» **Task details**
At the line containing "this 250×188 image.", begin an exact copy of the lines below and continue through the final one, with no pictures.

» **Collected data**
--

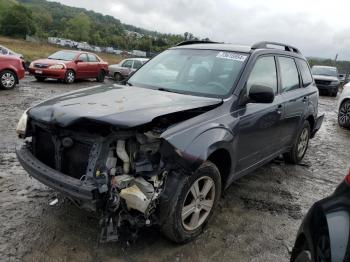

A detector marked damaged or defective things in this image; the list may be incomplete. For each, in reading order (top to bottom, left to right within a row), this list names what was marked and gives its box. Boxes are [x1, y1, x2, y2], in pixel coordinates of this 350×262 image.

crushed hood [28, 84, 223, 128]
crumpled front bumper [15, 144, 96, 202]
damaged front end [16, 117, 196, 243]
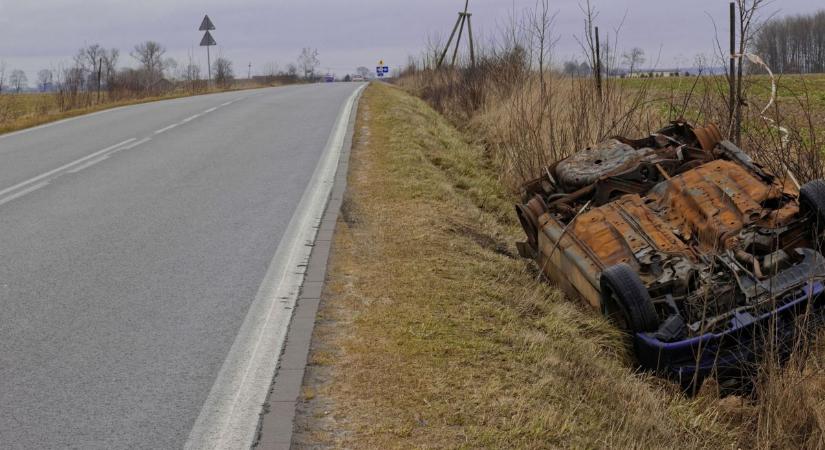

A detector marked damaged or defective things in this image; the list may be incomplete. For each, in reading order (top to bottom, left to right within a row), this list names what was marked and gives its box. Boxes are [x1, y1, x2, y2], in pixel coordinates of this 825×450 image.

rusty car underside [516, 118, 824, 344]
overturned car [516, 121, 824, 392]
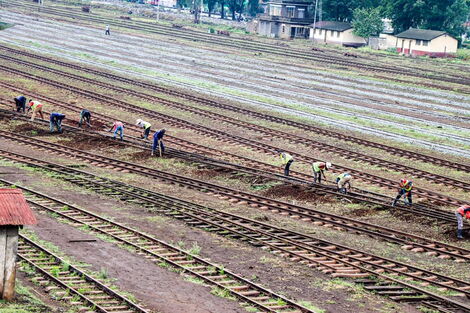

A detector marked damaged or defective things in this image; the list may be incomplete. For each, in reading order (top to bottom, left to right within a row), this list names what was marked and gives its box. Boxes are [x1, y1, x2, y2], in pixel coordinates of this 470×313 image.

rusty corrugated metal roof [0, 188, 36, 224]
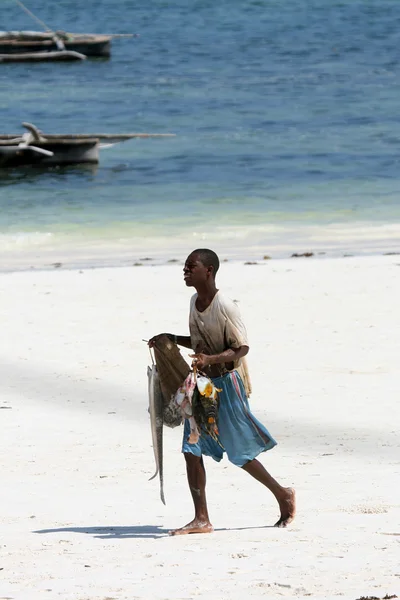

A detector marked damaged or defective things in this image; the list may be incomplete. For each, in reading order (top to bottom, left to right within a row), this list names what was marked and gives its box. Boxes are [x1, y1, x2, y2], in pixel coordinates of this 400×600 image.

torn t-shirt [189, 292, 252, 398]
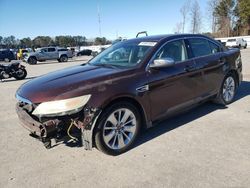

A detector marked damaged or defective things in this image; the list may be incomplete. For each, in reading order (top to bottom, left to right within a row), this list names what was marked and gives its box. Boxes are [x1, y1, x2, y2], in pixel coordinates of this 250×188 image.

damaged front bumper [15, 102, 100, 151]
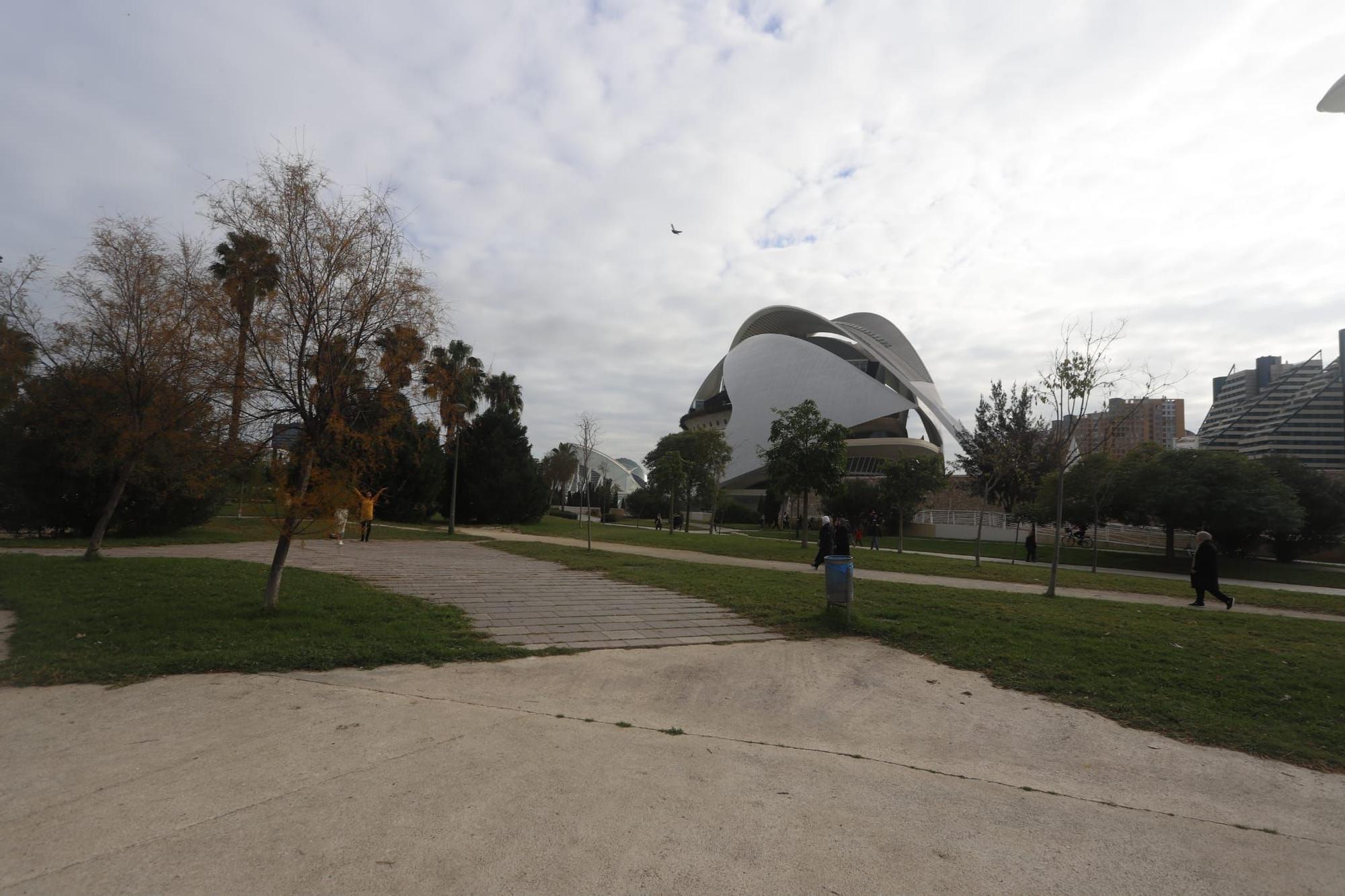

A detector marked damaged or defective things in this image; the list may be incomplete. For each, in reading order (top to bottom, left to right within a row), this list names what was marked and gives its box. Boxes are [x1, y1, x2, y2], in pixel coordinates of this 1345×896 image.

crack in pavement [6, 710, 530, 882]
crack in pavement [273, 669, 1345, 844]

--

» **Output for this exercise**
A detector marked damaged or defective things in this image; the list may be incomplete. For each, in reading order (top to bottom, left to right within a row), this list names what was marked and gives its box. Boxes are [x1, y1, x2, y2], in pixel coordinates of this 250×188 image.

damaged front bumper [15, 102, 100, 151]

A detector marked damaged or defective things in this image; the list may be incomplete. For each, in reading order (top to bottom, left to right within a row), this list names what was marked and gives its box. Boxes are [x1, y1, x2, y2], in pixel coordinates of this 1345×896 image.

crack in pavement [6, 710, 530, 882]
crack in pavement [273, 669, 1345, 844]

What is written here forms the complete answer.